Beyond ordinary mood swings — what the diagnosis actually looks like, and what evidence-based care involves

CHC Counseling TeamMay 18, 20269 min read
In this article
  1. What Bipolar Disorder Actually Looks Like
  2. Why Bipolar Is Frequently Misdiagnosed
  3. How Bipolar Disorder Is Diagnosed
  4. Evidence-Based Treatment for Bipolar Disorder
  5. What Therapy at CHC Looks Like for Bipolar
  6. What You Can Do This Week
  7. Frequently Asked Questions
  8. When to Seek Professional Help
  9. References

Bipolar disorder is a chronic mood condition involving distinct episodes of elevated mood (mania or hypomania) and depression, typically separated by periods of stable mood. It is not the same as ordinary mood swings, irritability, or having a bad week. About 2.8% of U.S. adults live with some form of bipolar disorder, and with the right treatment combination, stability is genuinely possible.

If your mood swings between weeks of being on top of the world — barely sleeping, talking fast, taking big risks — and weeks of being unable to get out of bed, that pattern is worth a real conversation with a licensed clinician. This article walks through how bipolar disorder actually presents, why it is often misdiagnosed as unipolar depression, and what evidence-based treatment in Georgia involves.

What Bipolar Disorder Actually Looks Like#

Bipolar disorder is defined by distinct mood episodes, not by quick shifts within a day. Two episode types matter for diagnosis:

  • Manic episode: a period of abnormally elevated, expansive, or irritable mood lasting at least one week (or any duration if hospitalization is required), with at least three of: decreased need for sleep, racing thoughts, pressured speech, distractibility, increased goal-directed activity, grandiosity, and impulsive or risky behavior. Manic episodes can include psychotic features.
  • Hypomanic episode: a similar pattern lasting at least four days, with the same symptom cluster but less severe — not enough to cause hospitalization or major functional impairment, though others notice the change.
  • Major depressive episode: at least two weeks of persistent low mood or loss of interest, plus changes in sleep, appetite, energy, concentration, or feelings of worthlessness.

The two main types of bipolar disorder:

  • Bipolar I requires at least one manic episode (depressive episodes are common but not required for diagnosis)
  • Bipolar II requires at least one hypomanic episode plus at least one major depressive episode (no full manic episode)

Research from the National Institute of Mental Health reports that approximately 2.8% of U.S. adults had bipolar disorder in the past year, with lifetime prevalence near 4.4%.

Prefer to listen? This article is also a podcast episode on the MentalSpace Therapy podcast. Subscribe on Apple Podcasts / Spotify / your favorite platform.

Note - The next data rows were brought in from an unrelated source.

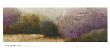Landscape Mist Panel I by Adam Rogers Limited Edition Print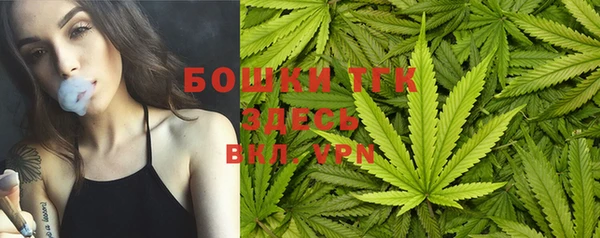 ПСИЛОЦИБИНОВЫЕ ГРИБЫ Наволоки
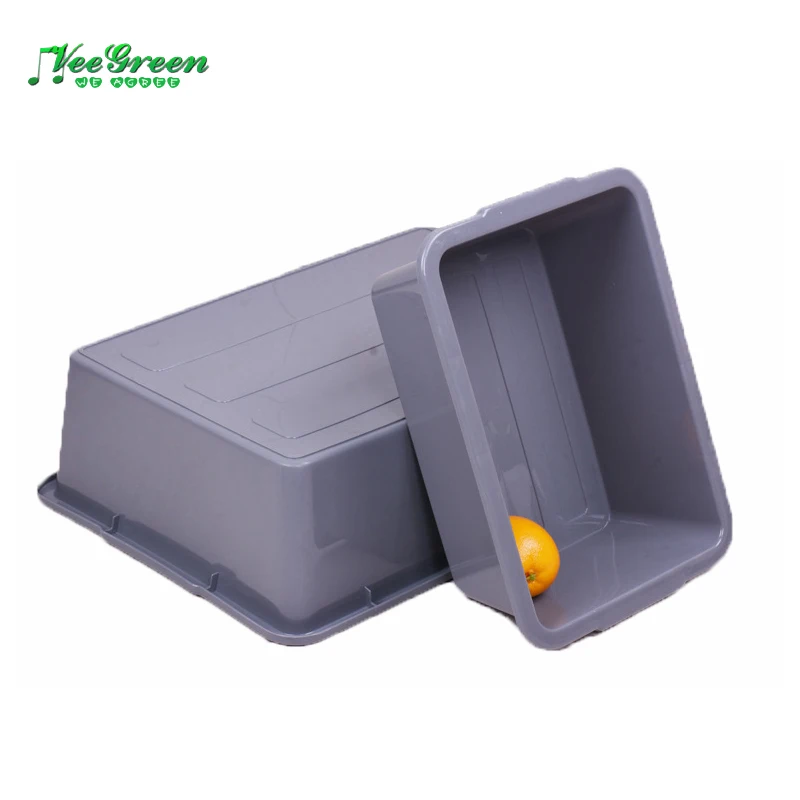 Large Plastic Trays  for Daily Use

Why Bipolar Is Frequently Misdiagnosed#

Bipolar disorder — particularly Bipolar II — is commonly misdiagnosed as unipolar depression for several reasons:

  • Depressive episodes are what bring people in. People often seek treatment during a low phase. Hypomanic episodes, especially mild ones, may feel like "finally being productive" and aren't reported.
  • Hypomania isn't always experienced as a problem. Pressured speech, decreased need for sleep, and high energy can feel desirable. The person doesn't volunteer them as symptoms.
  • Antidepressants alone can destabilize. If bipolar is misdiagnosed as unipolar depression and treated with antidepressants without a mood stabilizer, this can sometimes trigger mania or rapid cycling.
  • Trauma, ADHD, and personality disorders share features. Differential diagnosis matters and requires a clinician trained in mood disorder assessment.

For primary care colleagues and family members: when depression is treatment-refractory, asking about distinct elevated periods ("have there been weeks where you felt unusually energized, slept less without feeling tired, and did unusual things?") opens the conversation.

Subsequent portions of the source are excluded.